Which is Greater: The US National Debt or the World Gold Stock?
Back when Marc Hulbert wrote about my paper on the investment potential and inflation-hedging ability of precious metals, co-authored with John Zimmerman, in the New York Times, I received a number of emails criticizing the research. Many of the critics claimed that the recent increases in the price of gold constitute evidence that investors expect the US inflation rate to increase substantially in the future.
Predicting the future is somewhere between difficult and impossible. But I see strong evidence that investors do not expect an increase in the US inflation rate from the yields on nominal US Treasury securities. As of today, a ten year Treasury Note has a yield to maturity of 3.77%. If investors expect the inflation rate to accelerate any higher than that over the next ten years, they would want a higher interest rate.

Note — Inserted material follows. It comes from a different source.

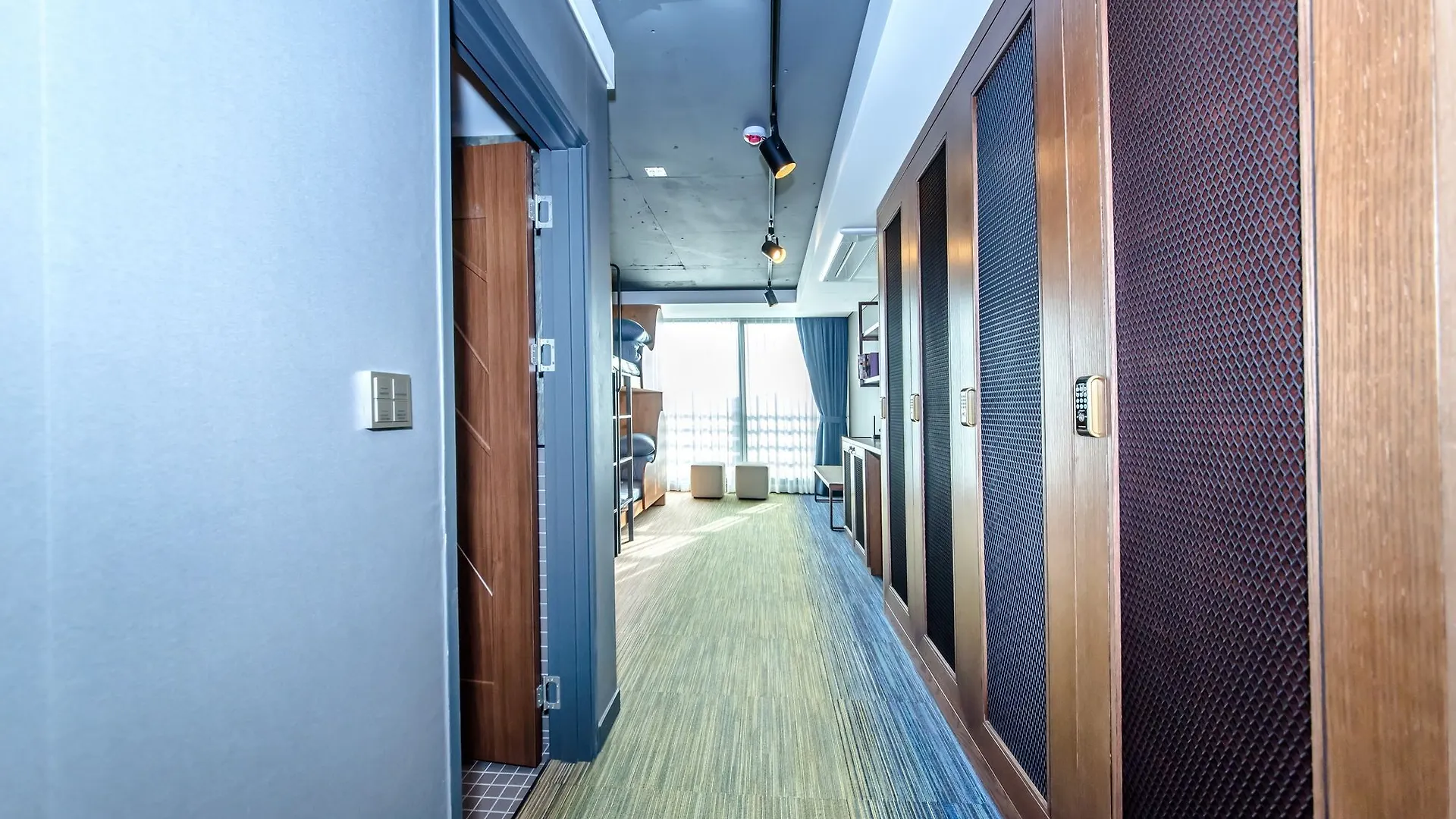 Marevo Beach Hotel Jeju 3*,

So who is right: Gold investors or the Treasury security investors? It is likely there is significant overlap between the two groups. Perhaps we can get an idea of the relative importance of the two indicators by looking at the size of their respective markets.
According to Butterman and Amey (2005), available world gold stocks total approximately 122,000 metric tons. At 32,150.7 troy ounces per metric ton, that is about 3.9 billion troy ounces. Multiply that by the current $903 spot price of gold bullion and you get a value for all the available gold in the world equal to somewhere in the neighborhood of $3.5 trillion.

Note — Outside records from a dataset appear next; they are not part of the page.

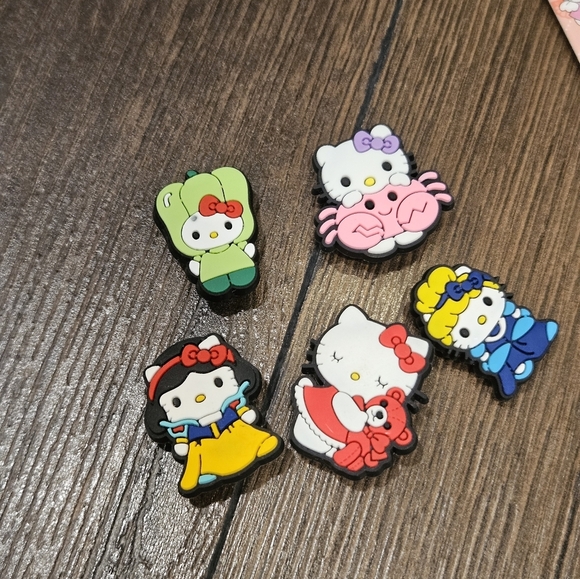 NEW Hello Kitty Tote Bag with Accessories Bundle - Picture 7 of 13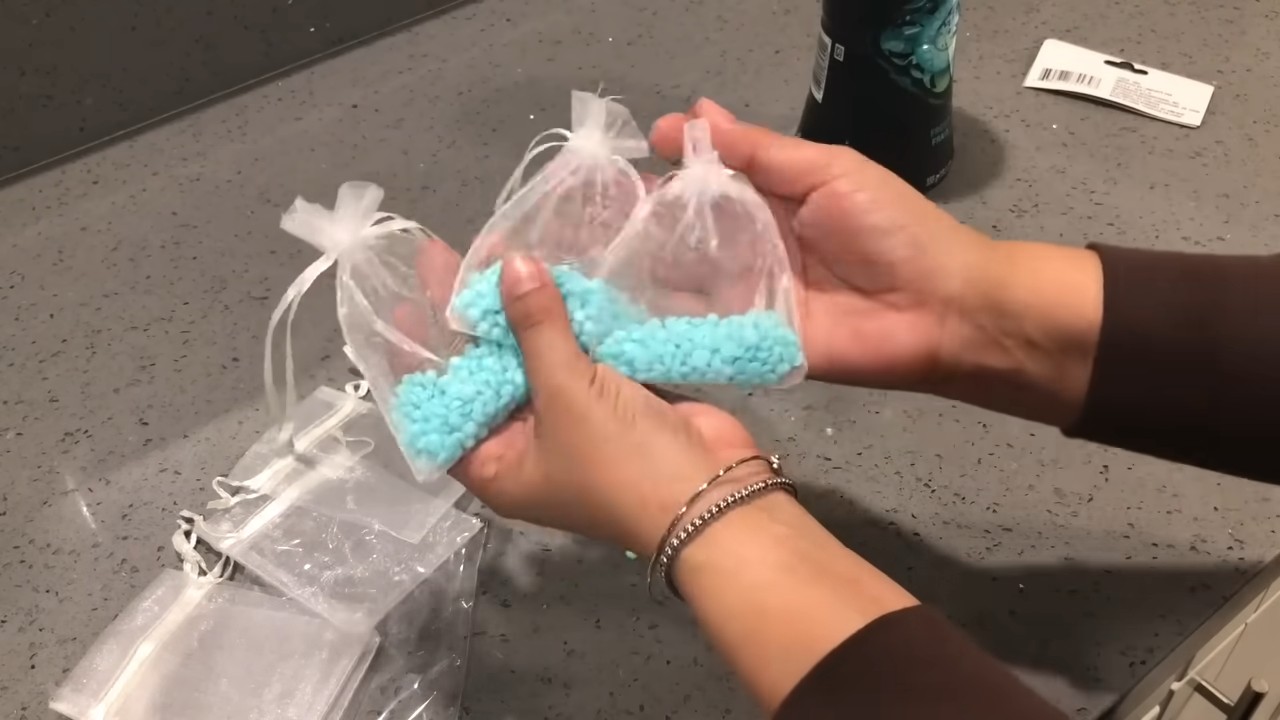 Downy Unstopables home fragrance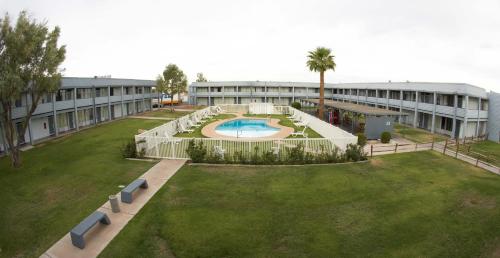EZ 8 Motel Airporter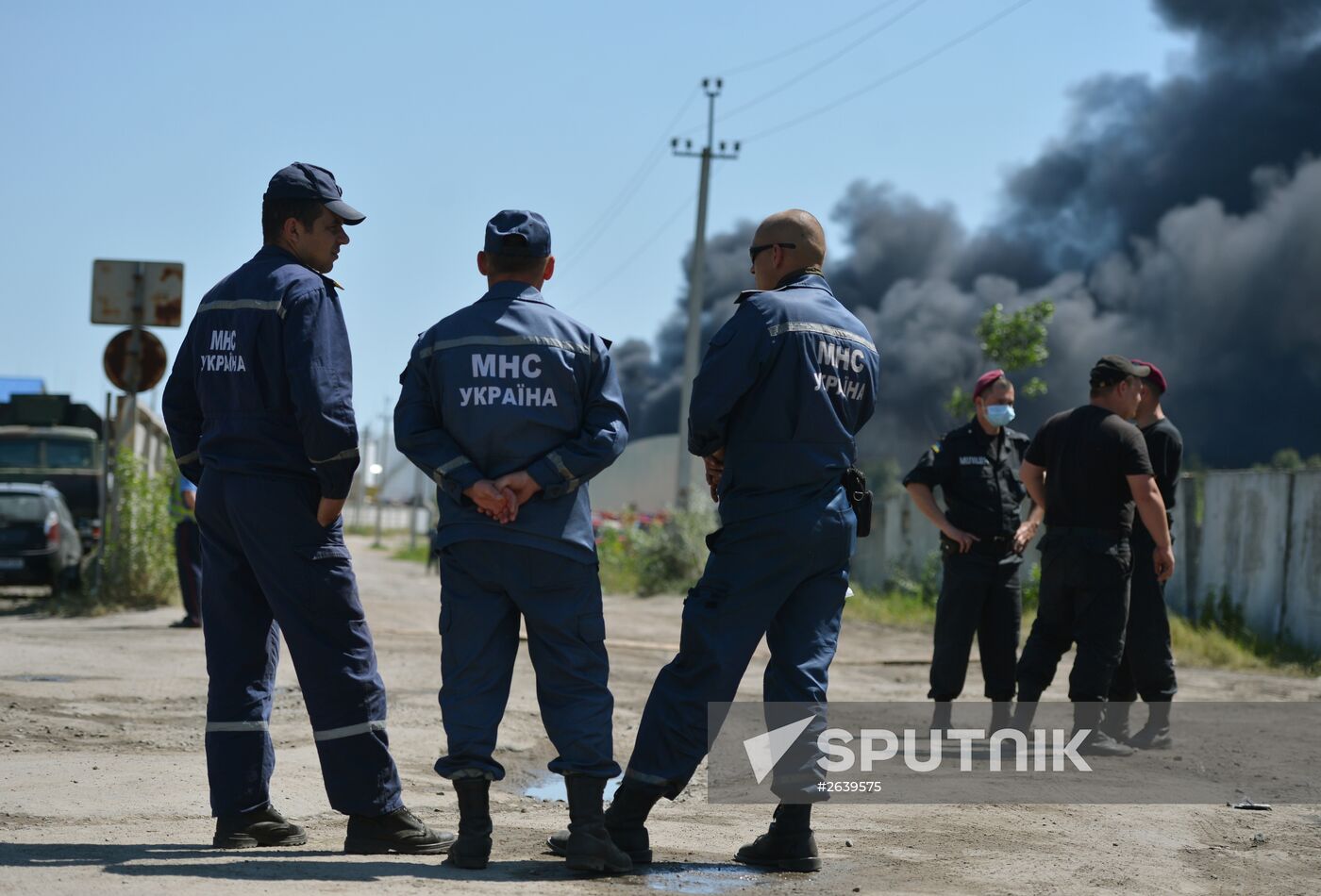 Petroleum storage base near Kiev on fire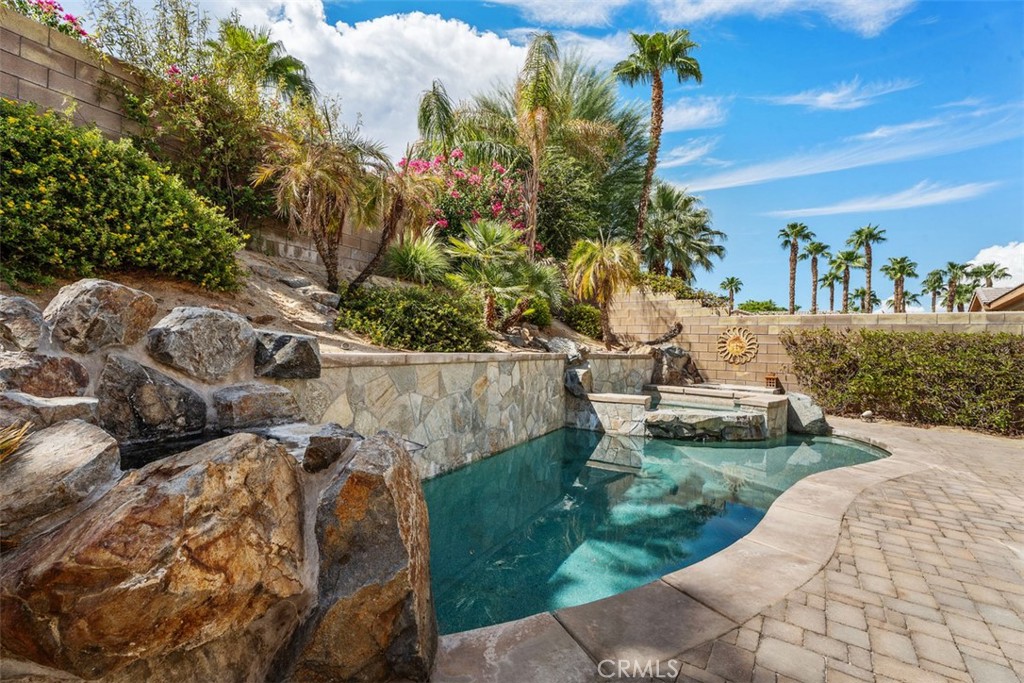 60585 Desert Rose Drive Property Photo 27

To get the amount of US Treasury securities on the market, first look at this report from the Federal Reserve Bank of St. Louis (see page 17) . Total US public debt is just over $9 trillion. Subtract from that the $3.958 trillion owned by the US federal government trust funds, such as the social security and medicare trust funds, and also subtract the $779 billion owned by the Federal Reserve Banks to get $4.269 trillion owned by private investors, both domestic and foreign.

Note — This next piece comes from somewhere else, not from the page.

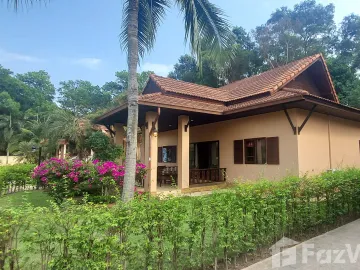 Villa in undisturbed location in well maintained Sunflower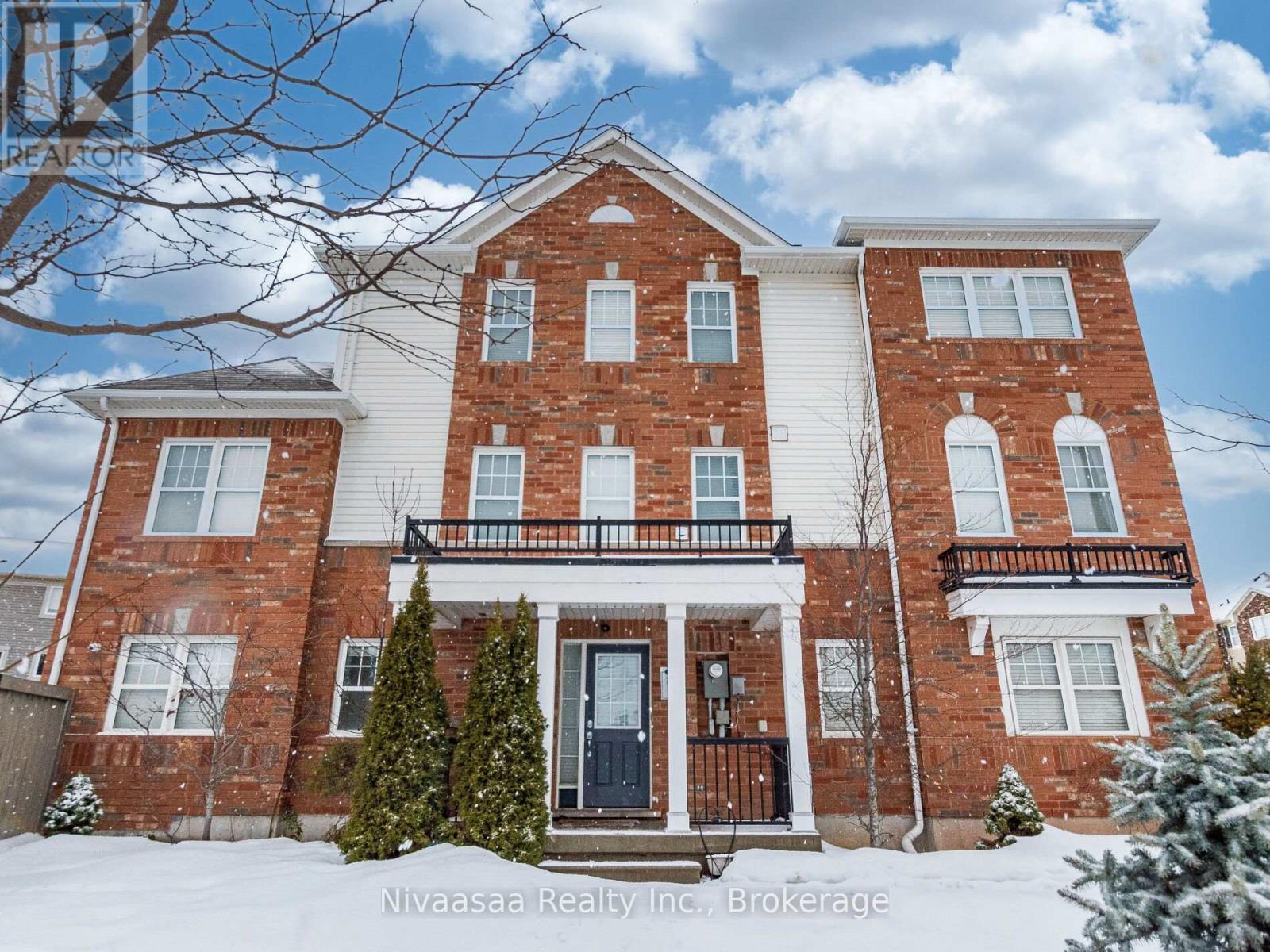 18 Betterton Crescent, Brampton, Ontario  L7A 0S5 - Photo 2 - W12856812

Thus, we see that the net outstanding value of the US Treasury securities are somewhat greater than the world gold stock. Perhaps the investors who own these two types of assets are two mostly-separate groups with very different expectations about future US inflation. But I think a more likely explanation for the increases in gold prices over the last two years has little to do with inflation. The increases began in the fall of 2005, at the same time oil prices began to increase. This greatly increased incomes of the inhabitants of the middle east, many of who like to own gold. Likewise, the economy of India has been booming, and Indians have a strong affinity for gold jewelry.
We won't know until after the fact if inflation has increased. But I see little evidence that investors expect it to increase.